In 2002, an official from the American Red Cross estimated that between 25,000 and 100,000 people would be killed if a major hurricane hit the New Orleans area.

If the new survey is accurate and significant numbers of people don’t evacuate, St. Amant said, the number of casualties would be “beyond comprehension.”

UNO political science professor Susan Howell, who directed the survey, said that although 60 percent of those asked at first said they would leave if public officials recommended an evacuation, on further questioning, only 34 percent of the residents of 12 coastal parishes would “definitely” leave. And in Jefferson Parish, that dropped to 27 percent.

She said the public doesn’t realize that areas of southeast Louisiana are no longer protected by levees from a slow-moving Category 3 hurricane.

The new message, to evacuate for most storms stronger than Category 2, “is counterintuitive,” she said. “It’s been 40 years since the last catastrophic hurricane hit the city, Betsy, so we’re asking them to believe the risk when they’ve never experienced anything like it.”

Howell said residents based their evacuation decisions on their perception of the risk they face in their location. And the two factors that weigh most heavily in that perception are past experiences with hurricanes and whether they feel their home is sturdily built.

And residents who lived more than 30 years in southeast Louisiana were least likely to evacuate, especially if their own home had never been damaged by a hurricane.

The survey also found that many people who evacuated during Hurricanes Georges in 1998, Lili in 2002 or Ivan last year might not have traveled far enough to escape danger.

At least 400 residents were interviewed in each of the 12 participating parishes. Not all results could be combined because of differences in evacuation problems or how far their populated areas are from the coast. The study began in the spring of 2004, and several parishes or parts of parishes weren’t completed until after Ivan hit in September.

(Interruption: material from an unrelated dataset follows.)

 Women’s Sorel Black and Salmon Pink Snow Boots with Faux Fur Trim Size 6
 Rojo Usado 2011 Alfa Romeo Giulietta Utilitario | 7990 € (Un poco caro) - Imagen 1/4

The survey found that women are more likely than men to cooperate with an official evacuation recommendation, which is similar to results elsewhere in the country, and probably reflects that women are more likely to be responsible for children and the elderly, Howell said.

In six of nine parishes surveyed before Ivan, residents with lower incomes were more likely to evacuate than those with higher incomes.

The problems experienced by evacuees during Ivan, including delays of 10 hours or more in reaching their evacuation destinations, don’t seem to affect the willingness to evacuate, Howell said. An average of 86 percent of Ivan evacuees in four parishes said they would do the same thing under similar circumstances, about the same as those who evacuated for Georges and Lili.

Howell said those wishing to develop evacuation plans or find more information about how to respond to hurricanes should visit the American Red Cross Web site at www.arcno.org.